Skyscraper: Recommended workflow for skipping roms that does not exist on scraper source
-
Hello!
This is a Skyscraper specific question. I have been fiddling with my RetroPie setup and fallen in love with the versatility of Skyscraper. I've been perpetually adding roms to my RetroPie installation whereafter I have executed Skyscraper (CLI) to scrape the new entries. For example:
Skyscraper -p nes -s screenscraper
... and then generating a new gamelist.xml:
Skyscraper -p nes
This works great, but as I go I notice that there are roms that never are recognized (and that is fine - some of these are obscure and I do not expect to find a match at Screenscraper). Example output:
#51/79, (1/50) Elapsed time : 00:05:23 Est. time left : 00:02:57 #52/79 (T1) Pass 1 ---- Game 'Duel, The by Bokudono (PD)' not found :( ---- 'screenscraper' requests remaining: 16946 #52/79, (1/51) Elapsed time : 00:05:27 Est. time left : 00:02:49 #53/79 (T1) Pass 1 ---- Game 'Air (SMB1 Hack)' not found :( ---- 'screenscraper' requests remaining: 16946 #53/79, (1/52) Elapsed time : 00:05:31 Est. time left : 00:02:42 #54/79 (T1) Pass 1 ---- Game 'Amiga! Demo (PD)' not found :( ---- 'screenscraper' requests remaining: 16944 #54/79, (1/53) Elapsed time : 00:05:35 Est. time left : 00:02:35 #55/79 (T1) Pass 1 ---- Game 'Atomic Robo-Kid Demo (PD)' not found :( ----
Now, this list of "allowed unknowns" will grow as my rom collection grows. I feel it's unecessary to hammer the Screenscraper online service for items that I know will not render a match. The question I have is if it's possible to instruct Screenscraper to skip certain set of files (preferably based on the report that the script provides at the end; skipped-nes-screenscraper.txt)?

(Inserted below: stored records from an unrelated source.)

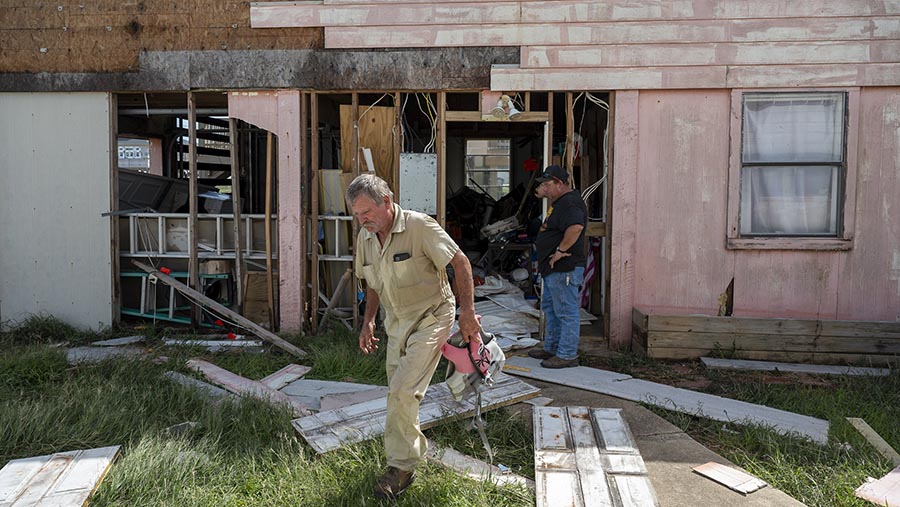 Warga di sekitar rumah yang rusak setelah Badai Beryl menerjang Sargent, Texas, AS, Senin (8/7/2024). (Eddie Seal/Bloomberg)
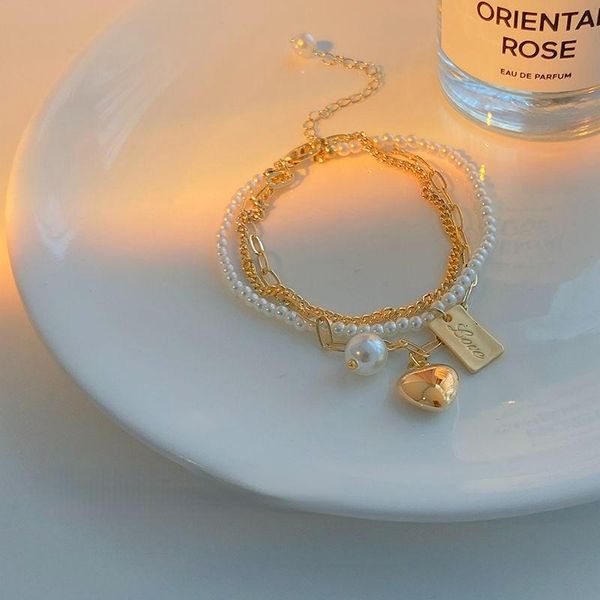 

charm bracelets girly heart pearl shell bracelet three-layer chain shaped pendant niche design for women, Golden;silver
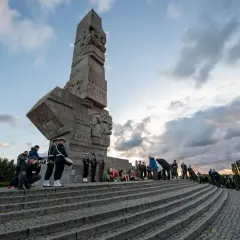 Uroczystość przy Pomniku Obrońców Wybrzeża na Westerplatte. W tle monumentalny monument, a na schodach delegacje i żołnierze.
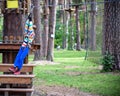 Smiling boy rides a zip line. happy child on the zip line. The kid passes the rope obstacle course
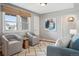 Relaxing living area featuring hardwood floors, accent chairs and windows with natural light at 2930 S Birch St, Denver, CO 80222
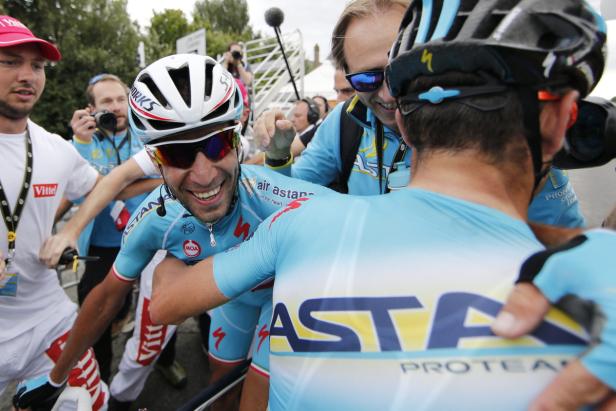Vincenzo Nibali wird von seinen Teamkollegen gefeiert. Ein Radrennfahrer im blauen Trikot von Astana umarmt einen Teamkollegen und lächelt.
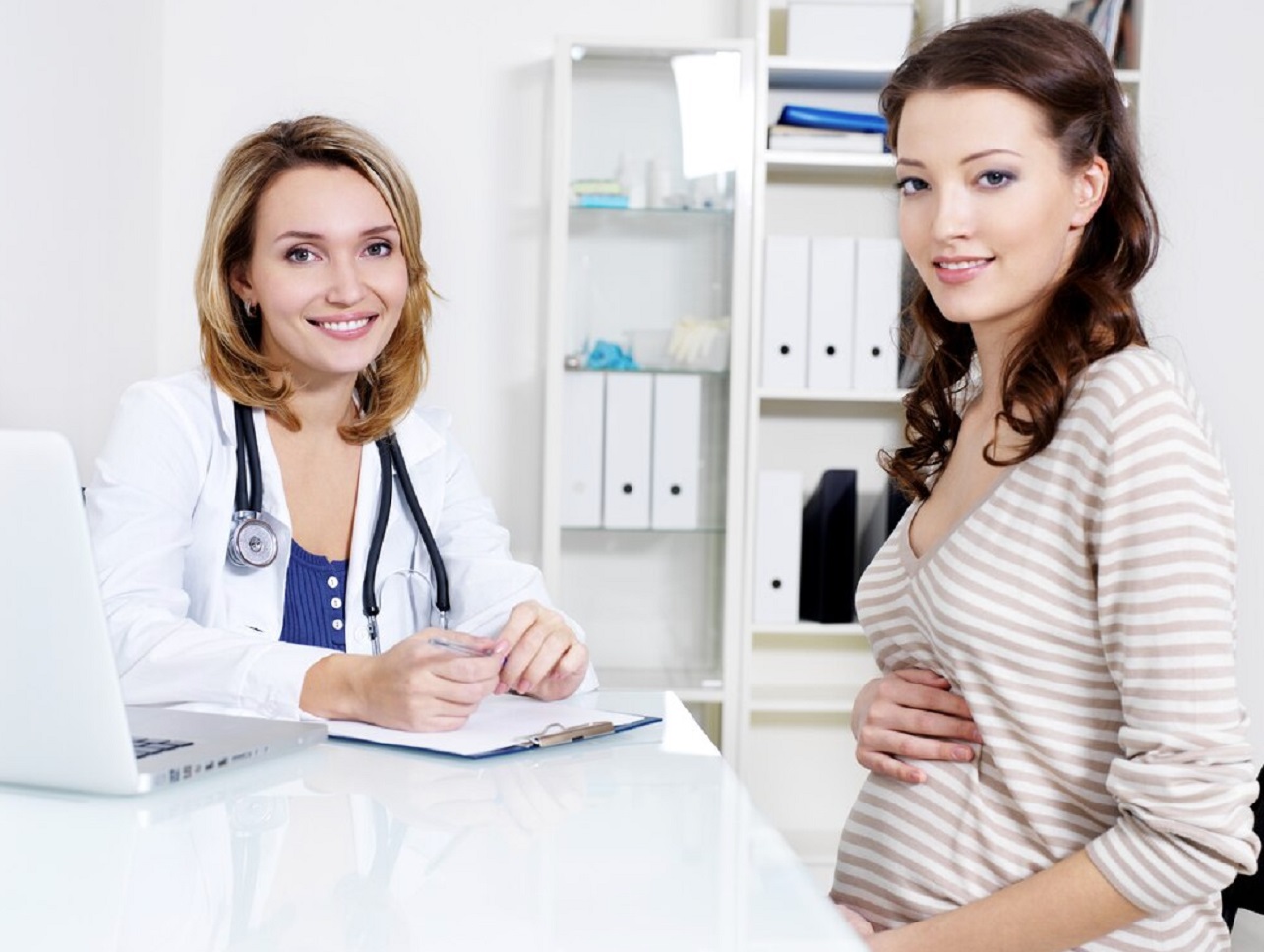 Young pregnant woman and smiling with doctor.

If it's possible - what would your recommended workflow be for accomplishing this?
I have been reading through the CLI documentation where I found that one can use --fromfile as input, but only as a means to instruct Skyscraper what to scrape. I'm looking for the inverse option; How to instruct Skyscraper what to not scrape.
The only option I have concluded that might work (haven't tried yet!) is to manually add entries into gamelist.xml and instruct Skyscraper to "skip existing entries". I guess that would work, but there might be a smarter/better way to accomplish this.
What's your thoughts? :)
-
Perhaps with the
--excludefiles "PATTERN1,PATTERN2"
option?https://github.com/muldjord/skyscraper/blob/master/docs/CLIHELP.md#--excludefiles-pattern1-pattern-2
-
@sleve_mcdichael said in Skyscraper: Recommended workflow for skipping roms that does not exist on scraper source:
Perhaps with the
--excludefiles "PATTERN1,PATTERN2"
option?https://github.com/muldjord/skyscraper/blob/master/docs/CLIHELP.md#--excludefiles-pattern1-pattern-2
Aha, that could be useful perhaps. I got locked into only using that option as a more generic pattern matching expression, but of course one could be a little bit more literal I guess. Then I would have to populate a list with all these files where the pattern would have to be the complete file name. Like this perhaps:
Skyscraper -p nes -s screenscraper --excludefiles "Duel, The by Bokudono (PD).nes,Air (SMB1 Hack).nes,Amiga! Demo (PD).nes,Atomic Robo-Kid Demo (PD).nes"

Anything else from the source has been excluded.